Elder Jeffery R Holland of the Quorum of the Twelve Apostles spoke on the topic of mothers at a General Conference in April 1997. I read his talk again as an assignment for my religion class and thought I should include it on my blog. There are surely some young mothers today who have not heard it and need to hear these words.
Elder Holland began his address with “some lines attributed to Victor Hugo which read: `She broke the bread into two fragments and gave them to her children, who ate with eagerness. “She hath kept none for herself,” grumbled the sergeant. “Because she is not hungry,” said a soldier. “No,” said the sergeant, “because she is a mother.”’”
Continuing his address Elder Holland paid tribute to mothers generally and particularly young mothers who “go longer on less sleep and give more to others with less personal renewal for themselves than any other group I know at any other time in life.” He counseled husbands and Church leaders to be aware of the heavy burdens carried by young mothers.
“Remember that families are the highest priority of all, especially in those formative years. Even so, young mothers will still find magnificent ways to serve faithfully in the Church, even as others serve and strengthen them and their families in like manner.
“Do the best you can through these years, but whatever else you do, cherish that role that is so uniquely yours and for which heaven itself sends angels to watch over you and your little ones.”
Elder Holland shared the story of a young mother who explained that “her anxiety tended to come on three fronts. One was that whenever she heard talks on LDS motherhood, she worried because she felt she didn’t measure up or somehow wasn’t going to be equal to the task. Secondly, she felt like the world expected her to teach her children reading, writing, etc. all before the baby said something terribly ordinary, like `goo goo.’ Thirdly, she often felt people were sometimes patronizing, almost always without meaning to be, because the advice she got or even the compliments she received seemed to reflect nothing of the mental investment, the spiritual and emotional exertion, the long-night, long-day, stretched-to-the-limit demands that sometimes are required in trying to be and wanting to be the mother God hopes she will be.

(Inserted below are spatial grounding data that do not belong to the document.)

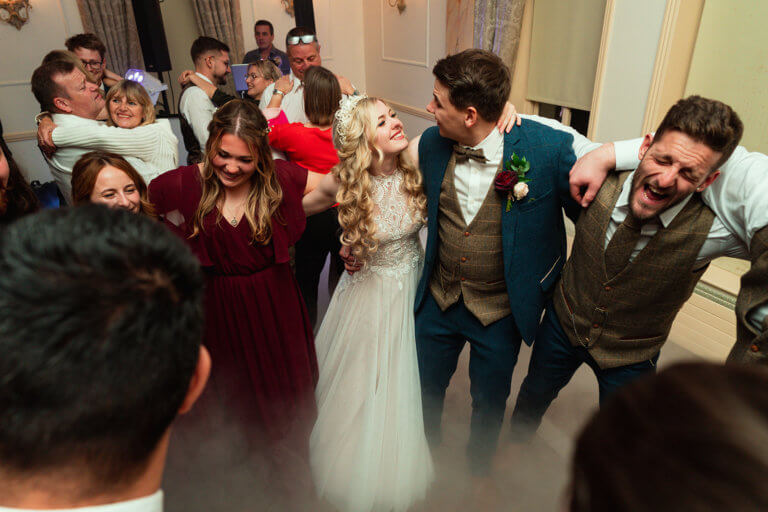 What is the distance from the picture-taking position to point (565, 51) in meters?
3.69

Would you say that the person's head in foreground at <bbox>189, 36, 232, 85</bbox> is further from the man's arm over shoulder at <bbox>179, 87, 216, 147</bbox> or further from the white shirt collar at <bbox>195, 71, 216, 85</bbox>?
the man's arm over shoulder at <bbox>179, 87, 216, 147</bbox>

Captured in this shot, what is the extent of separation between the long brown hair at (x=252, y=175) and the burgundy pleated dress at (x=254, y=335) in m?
0.03

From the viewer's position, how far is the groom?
158 cm

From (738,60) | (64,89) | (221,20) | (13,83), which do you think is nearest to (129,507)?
(64,89)

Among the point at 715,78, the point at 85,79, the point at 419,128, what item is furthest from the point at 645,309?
the point at 419,128

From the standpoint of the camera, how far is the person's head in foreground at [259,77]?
392 cm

“But one thing, she said, keeps her going: `Through the thick and the thin of this, and through the occasional tears of it all, I know deep down inside I am doing God’s work. I know that in my motherhood I am in an eternal partnership with Him….’

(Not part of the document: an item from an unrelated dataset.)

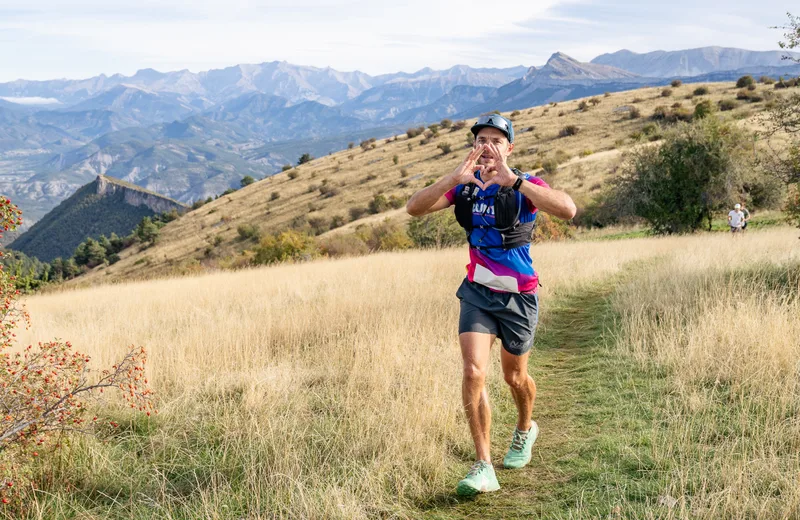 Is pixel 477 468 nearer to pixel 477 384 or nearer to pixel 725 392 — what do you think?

“… I say to mothers collectively, in the name of the Lord, you are magnificent. You are doing terrifically well. The very fact that you have been given such a responsibility is ever-lasting evidence of the trust your Father in Heaven has in you. He knows that your giving birth to a child does not immediately propel you into the circle of the omniscient. If you and your husband will strive to love God and live the gospel yourselves; if you will plead for that guidance and comfort of the Holy Spirit promised to the faithful; if you will go to the temple to both make and claim the promises of the most sacred covenants a woman or man can make in this world; if you will show others, including your children, the same caring, compassionate, forgiving heart you want heaven to show you; if you try your best to be the best parent you can be, you will have done all that a human being can do and all that God expect you to do.”